| YOUR ASSIGNMENT |
Write out exactly, with both ends included, the lines that run from the line containing "Luxury Carriage House" to the end of the entries. Pictures are not part of the answer.

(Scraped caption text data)
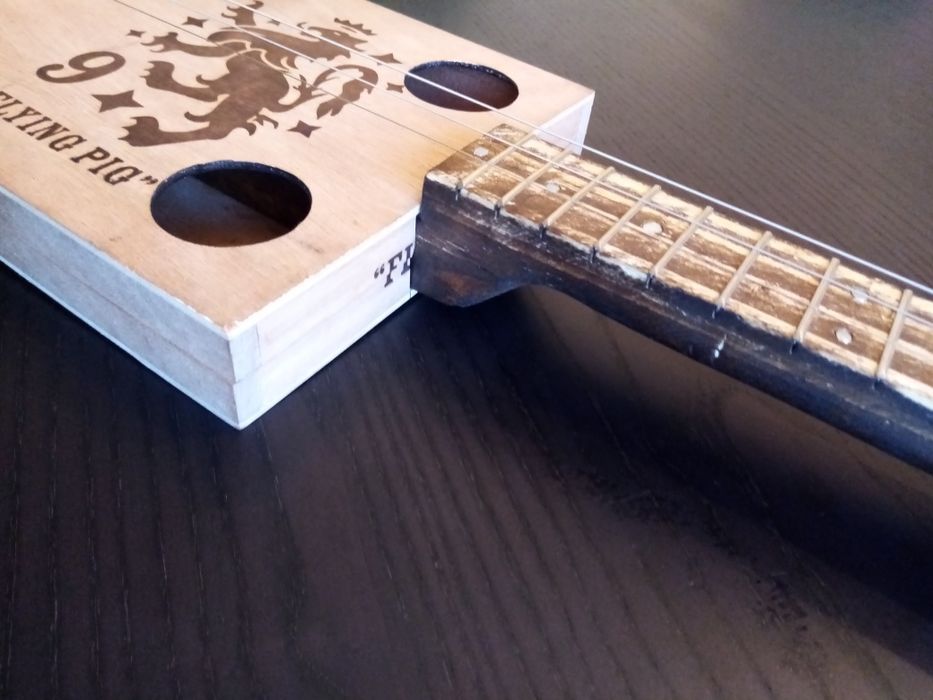 Cigar box guitar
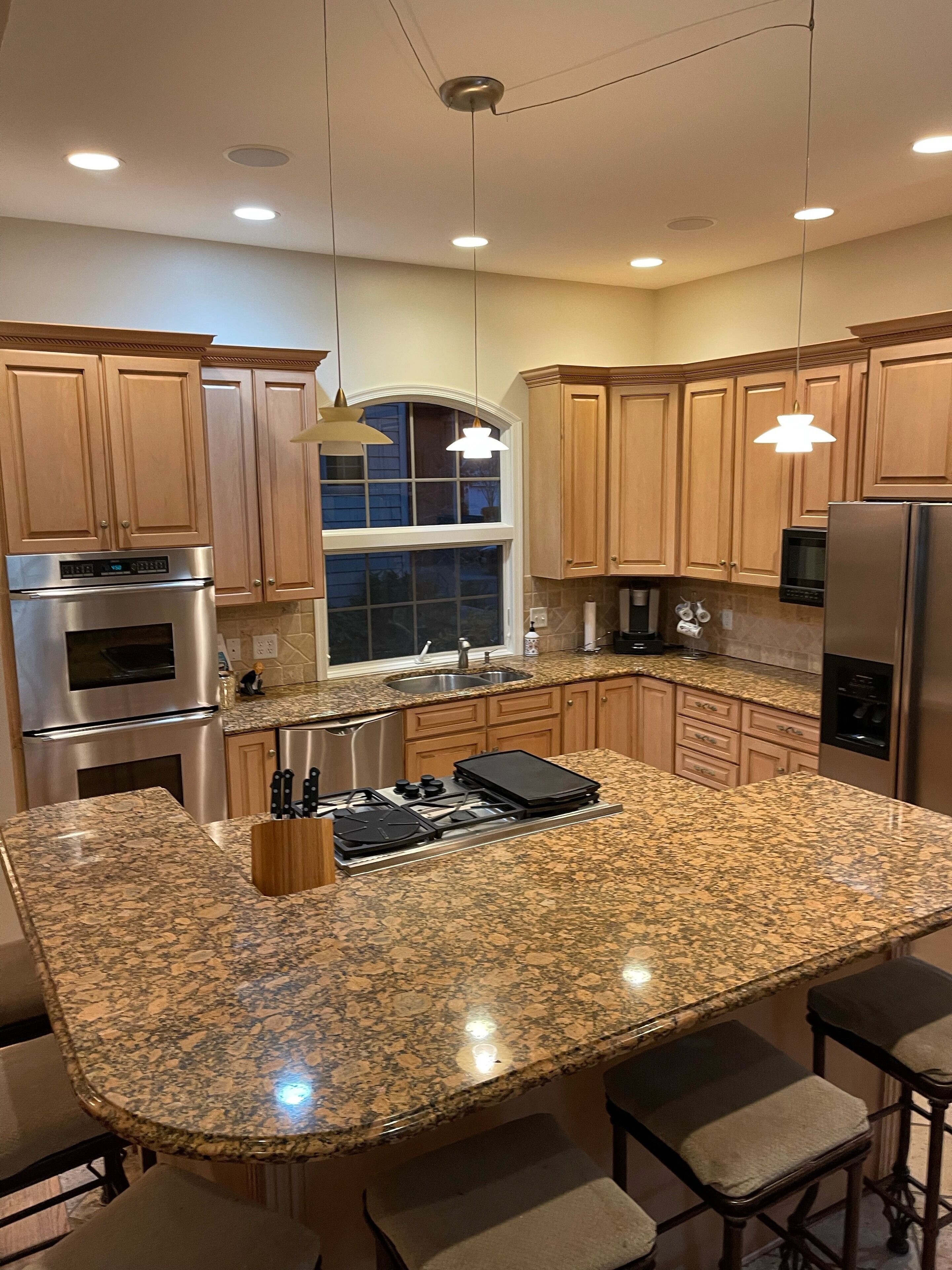 Luxury Carriage House 4bd walking distance to downtown Rehoboth in Canal Corkran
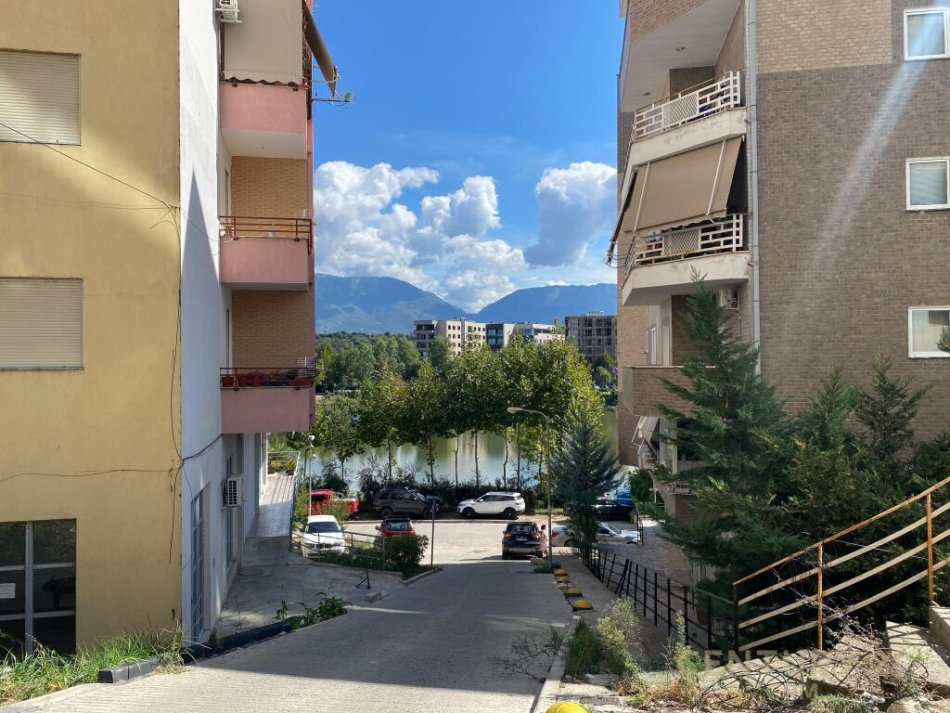 Tirane, jap me qera apartament 2+1+Ballkon , 92 m² 500 € (Liqeni i Thatë)
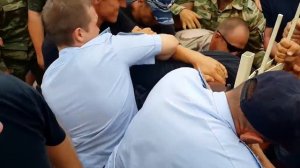 Россия освобождает пляжи в Крыму от этнических ОПГ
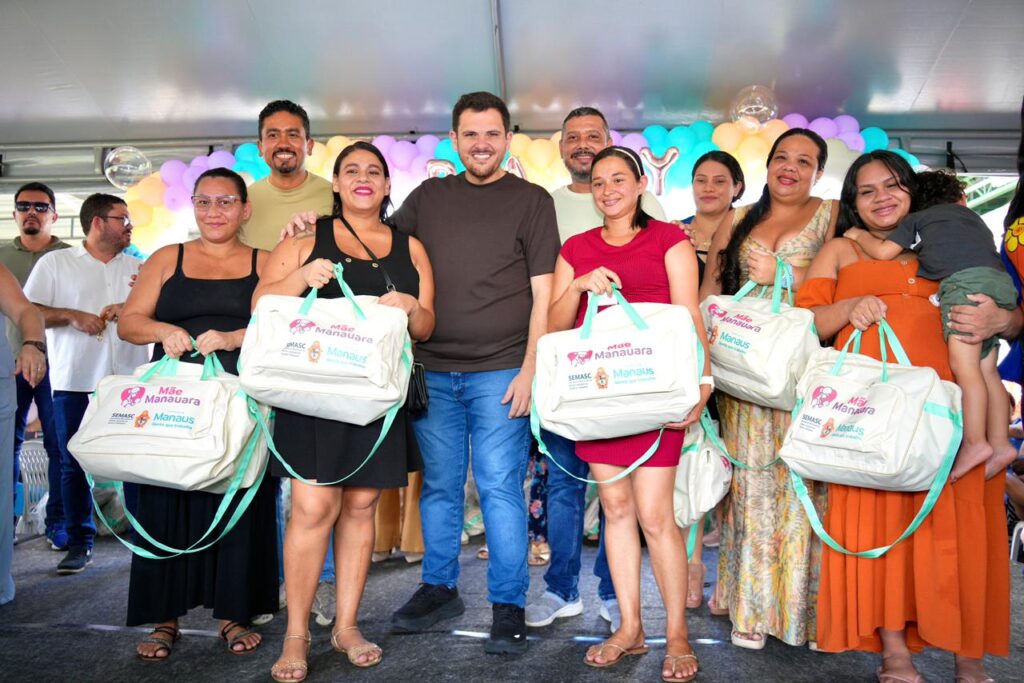 Prefeito realiza maior entrega do programa ‘Mãe Manauara’ Assistência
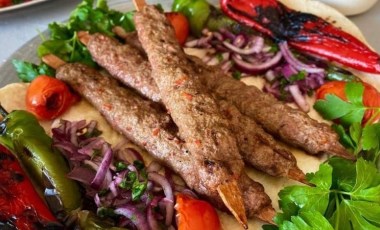 MasterChef Adana kebap nasıl yapılır? Püf noktalarıyla enfes Adana kebap tarifi...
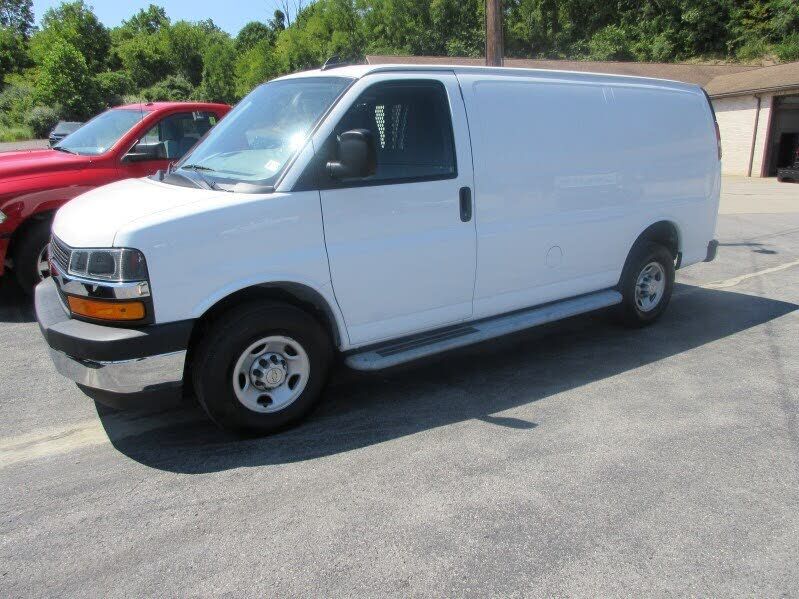 2023 CHEVROLET Express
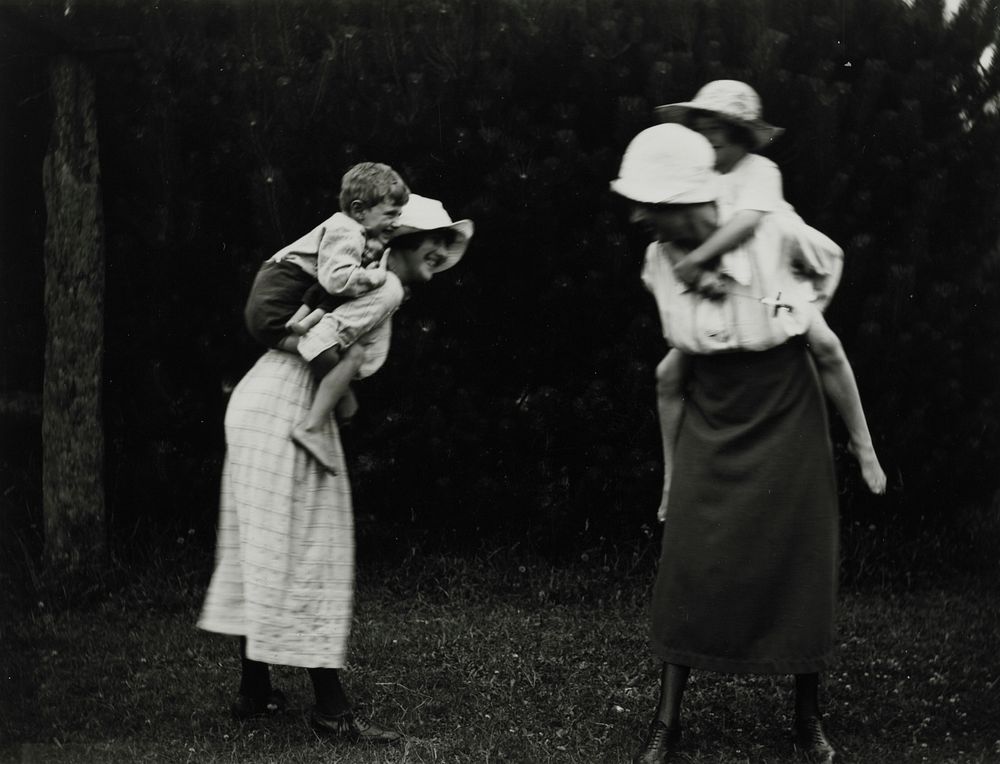 Clyde and Nancy with aunts (1922).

| TASK RESPONSE |
 Luxury Carriage House 4bd walking distance to downtown Rehoboth in Canal Corkran
 Tirane, jap me qera apartament 2+1+Ballkon , 92 m² 500 € (Liqeni i Thatë)
 Россия освобождает пляжи в Крыму от этнических ОПГ
 Prefeito realiza maior entrega do programa ‘Mãe Manauara’ Assistência
 MasterChef Adana kebap nasıl yapılır? Püf noktalarıyla enfes Adana kebap tarifi...
 2023 CHEVROLET Express
 Clyde and Nancy with aunts (1922).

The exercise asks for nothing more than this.